5. Direito a um processo célere

a) Todos os cidadãos têm direito à decisão em tempo útil das questões que submetam à apreciação dos Tribunais, de acordo com os princípios e direitos consagrados na Constituição da República Portuguesa e nas cartas internacionais.

b) O direito a um processo célere significa, além do mais:- o direito a obter decisão definitiva de um processo em prazo que não exceda, sem justificação, dois anos para decisão em primeira instância e quatro anos para todas as fases possíveis do processo;

c) Constituem práticas e comportamentos a evitar:- a falta de um número suficiente de magistrados, de funcionários de justiça e de assessores em relação ao número de processos;- a falta de definição legal de um número limite de processos a cargo de cada magistrado, pressuposto da sua responsabilização pela não decisão em tempo útil;- o adiamento de diligências devido a deficiência ou falta de notificação dos intervenientes ou por outras razões, apenas imputáveis aos serviços;- a não observância, injustificada, dos prazos processuais de duração do inquérito ou da instrução e a demora injustificada em proferir decisão em procedimento cautelar, despacho de que dependa o prosseguimento do processo ou decisão final.

6. Direito à qualidade

a) Todos os cidadãos têm direito a usufruir de uma Justiça de qualidade no que concerne às decisões proferidas, à preparação dos diversos agentes que a possibilite e à correcção dos respectivos procedimentos.

b) O direito à qualidade significa ainda:- o direito a exigir uma adequada programação, planificação e controlo de gestão de recursos humanos, de aquisição de bens e serviços e de manutenção de meios e infra-estruturas;- o direito a obter uma efectiva tutela judicial de acordo com os critérios definidos nas cartas internacionais de direitos.

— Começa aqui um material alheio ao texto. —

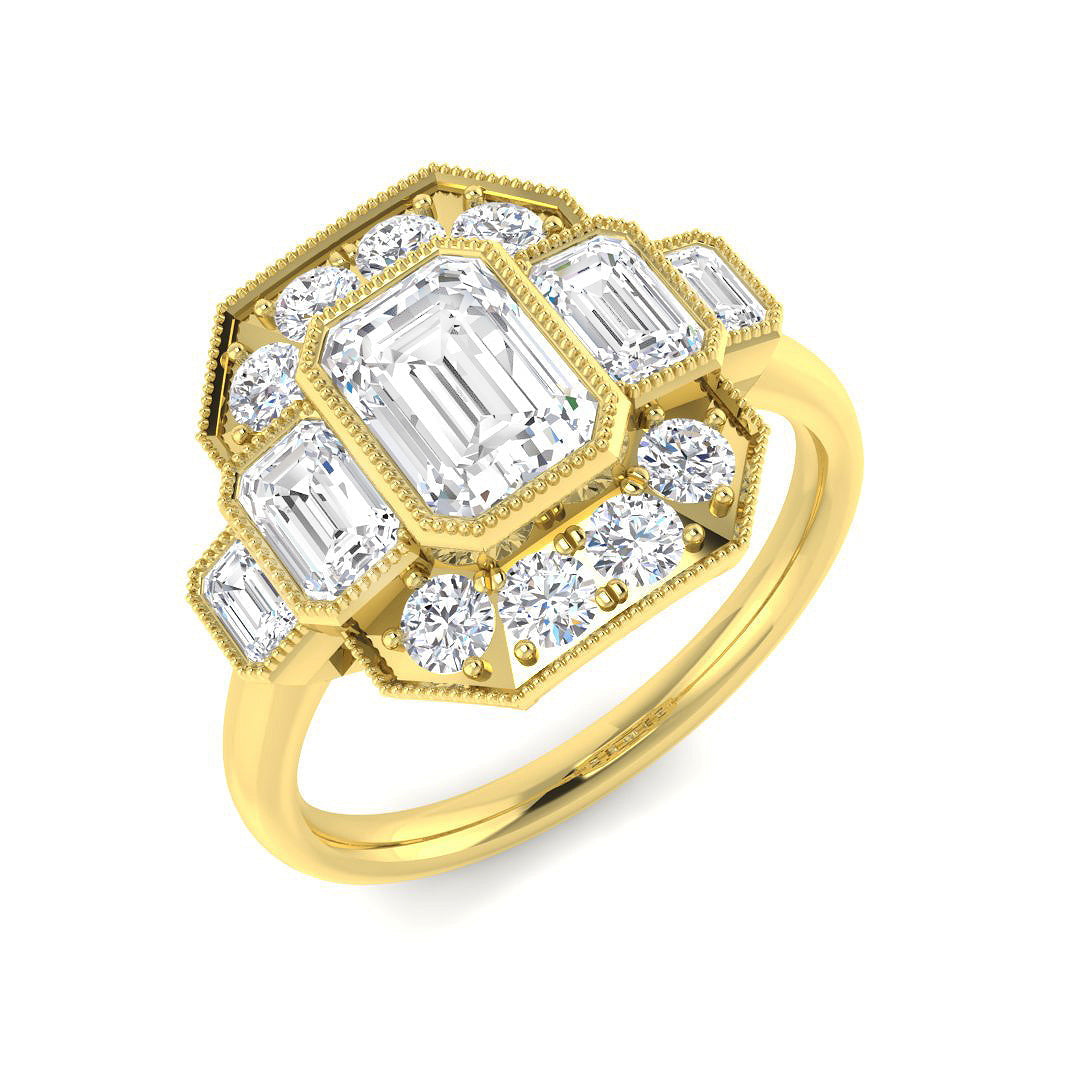 Five Stone Lab-Grown Diamond Ring 2.07ct–4.08ct – SR7006 – 18k Yellow Gold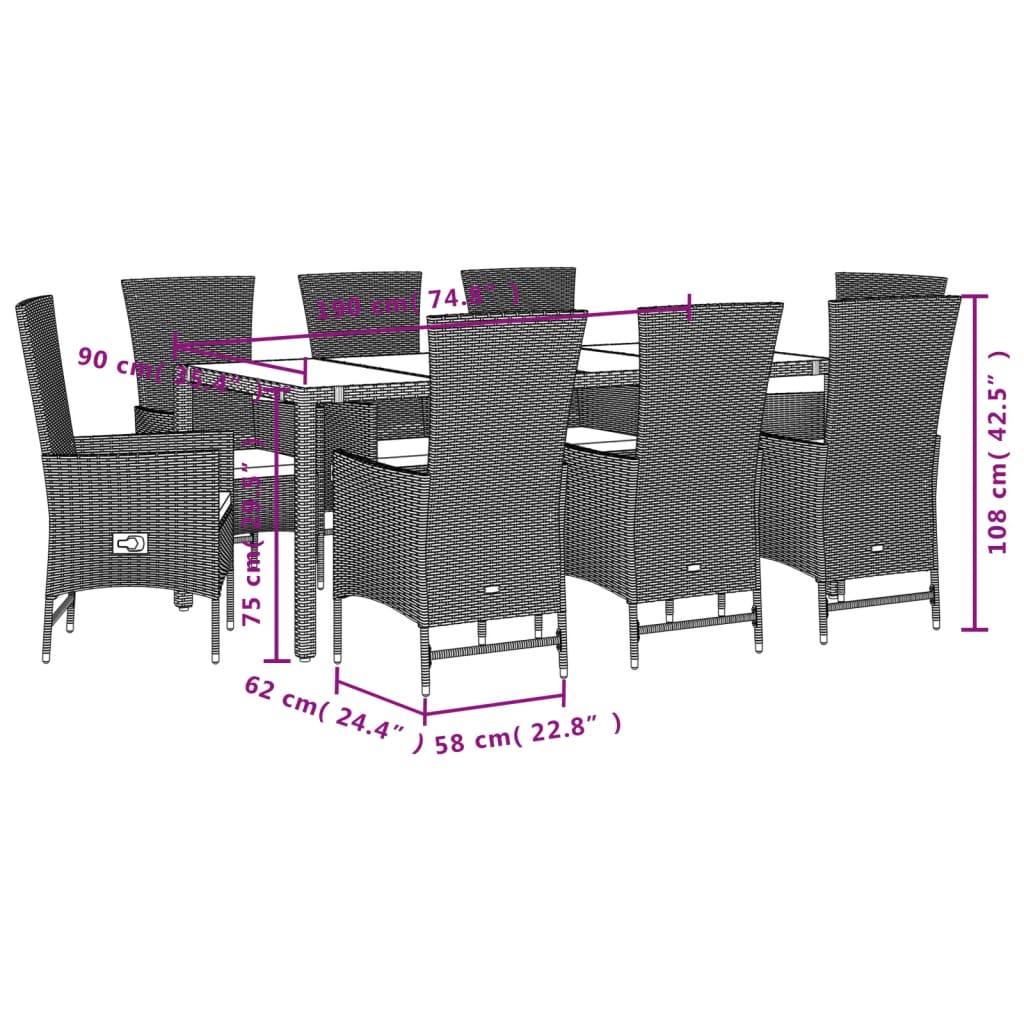 imagem de vidaXL 9 pcs conjunto de jantar p/ jardim com almofadões vime PE bege6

c) Constituem práticas e comportamentos a evitar:- a existência de um processo de execução que não satisfaz os reconhecidos interesses dos credores;- a existência de um processo penal inadequado a satisfazer as exigências de segurança dos cidadãos e a garantir os direitos das vítimas dos crimes;- a prevalência de razões formais em detrimento do conhecimento da pretensão deduzida em juízo;- a falta de adequada formação profissional inicial e de permanente actualização e formação por parte dos diversos agentes dos serviços de administração da Justiça;- a falta de instrumentos de adequado controlo e monitorização da qualidade dos serviços prestados no âmbito da administração da Justiça, em especial por parte de magistrados, advogados, funcionários de justiça e órgãos de polícia;- a inadequação dos processos de informatização dos tribunais bem como a falta de formação específica e de apoio em tempo real aos respectivos utentes.

7. Direito à participação

Todos os cidadãos têm direito a participar activamente na vida pública e a ser efectivamente ouvidos, através das associações cívicas que os representem e actuem nas áreas abrangidas, antes da adopção de reformas legislativas que se possam repercutir sobre a actividade dos Tribunais.
Por uma política integrada de administração da Justiça que privilegie meios alternativos de resolução de conflitos;
Por uma Justiça participada e solidária ao serviço dos cidadãos, em nome de quem é feita.

Texto aprovado no II Encontro Nacional de Associações Jurídicas, Braga, 15.10.2005, por unanimidade pelos representantes das associações presentes (designadamente, a Associação Jurídica de Braga, a Associação Forense de Santarem, a Associação Forense do Oeste, a Associação Portuguesa de Mulheres Juristas, a Doc Juris e a República do Direito, Ordem dos Advogados, a ASJP, o SMMP e o SFJ).